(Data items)
════

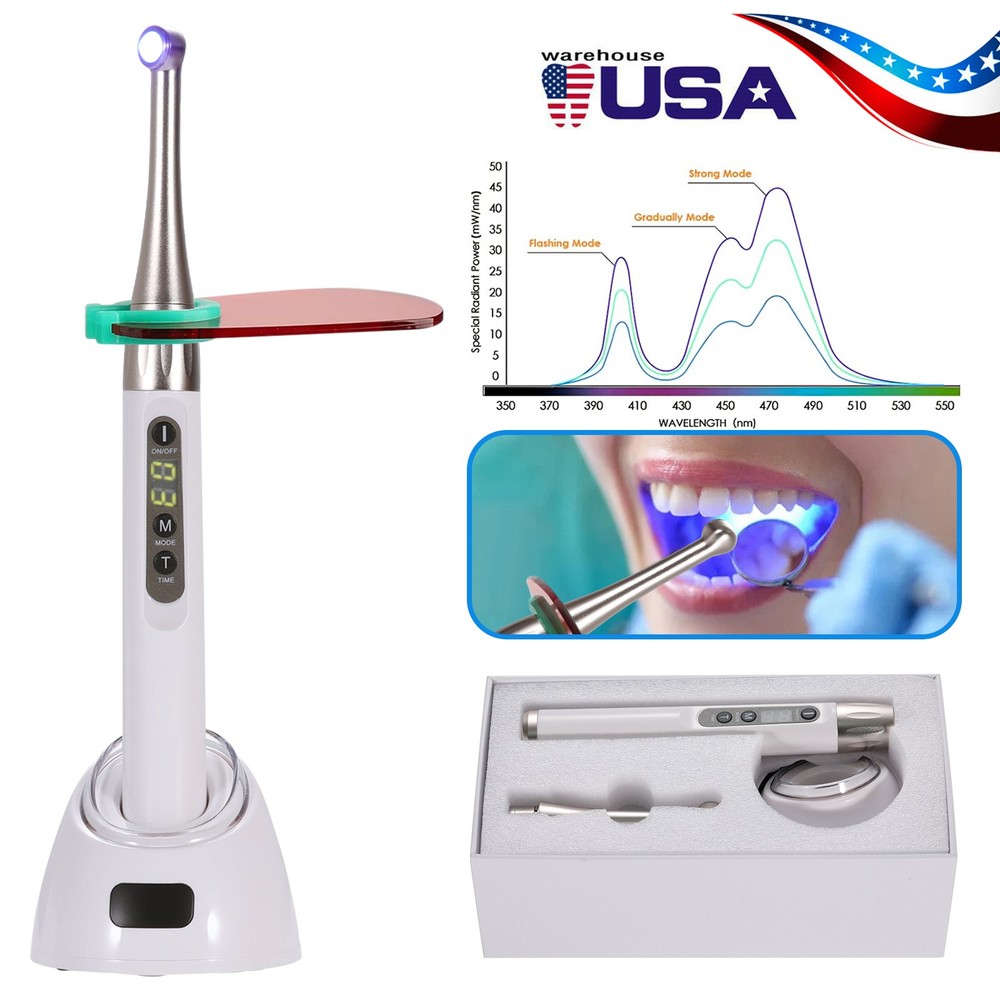 Dental ILED Curing Light Lamp Wireless 1Sec Curing 2500mW/cm2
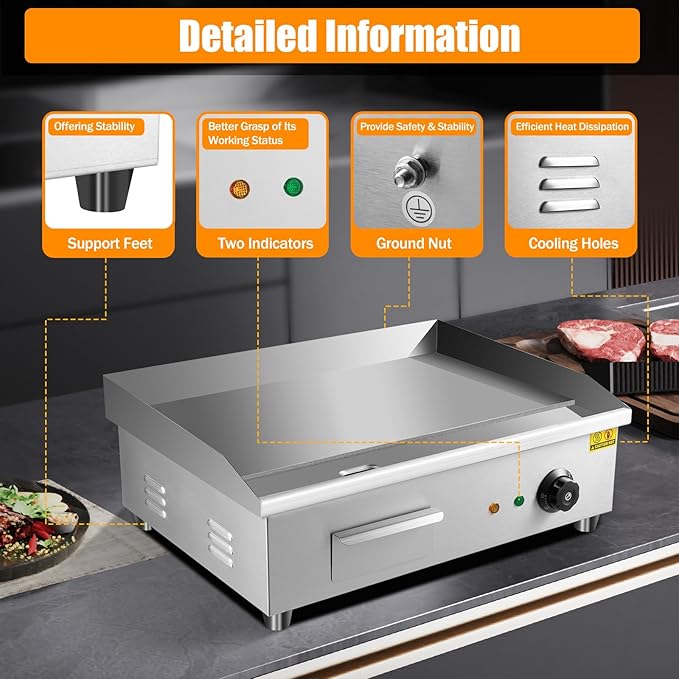 Commercial Electric Countertop Griddle 110v 22" 3000W, Flat Top Grill Hot Plate BBQ, Non-Stick Countertop Teppanyaki Grill for Restaurant Kitchen BBQ Party, 122~572℉Adjustable Temperature Control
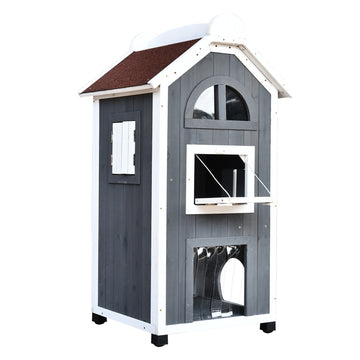 Cat house or litter box - spruce wood, asphalt roof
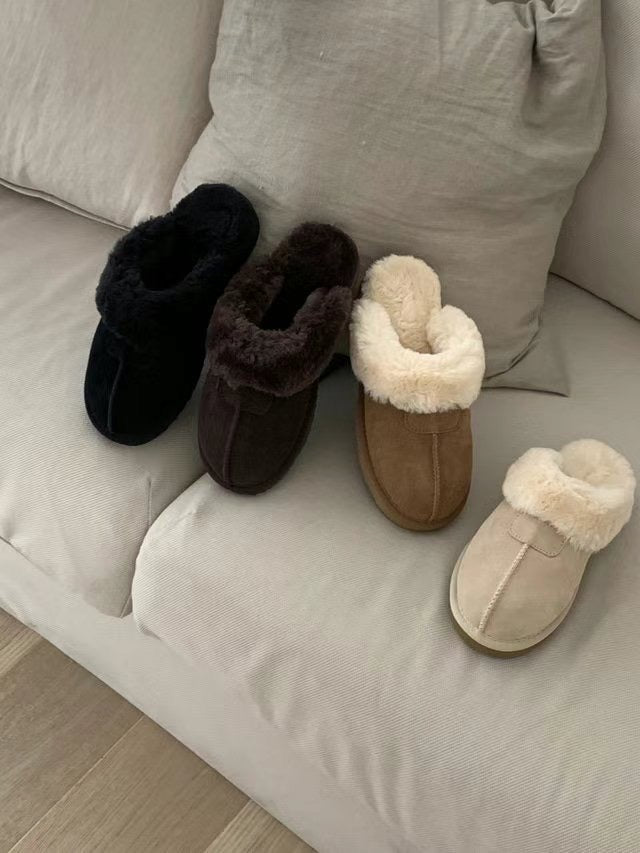 3cm增高!! Color Cashmere Leather Slipper
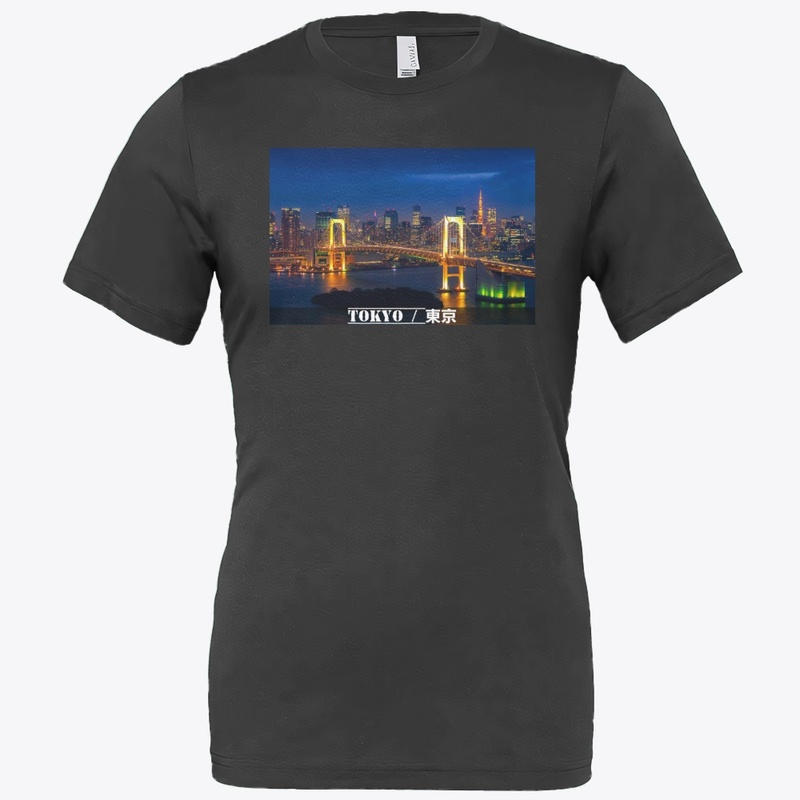 Tokyo night skyline with rainbow bridge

════

EXERCISE BRIEF: Your task is to set down exactly the lines that run from the line holding "3cm增高!! Color Cashmere Leather Slipper" through the close of the entries, including both ends. Pictures stay out.

THE ANSWER:
 3cm增高!! Color Cashmere Leather Slipper
 Tokyo night skyline with rainbow bridge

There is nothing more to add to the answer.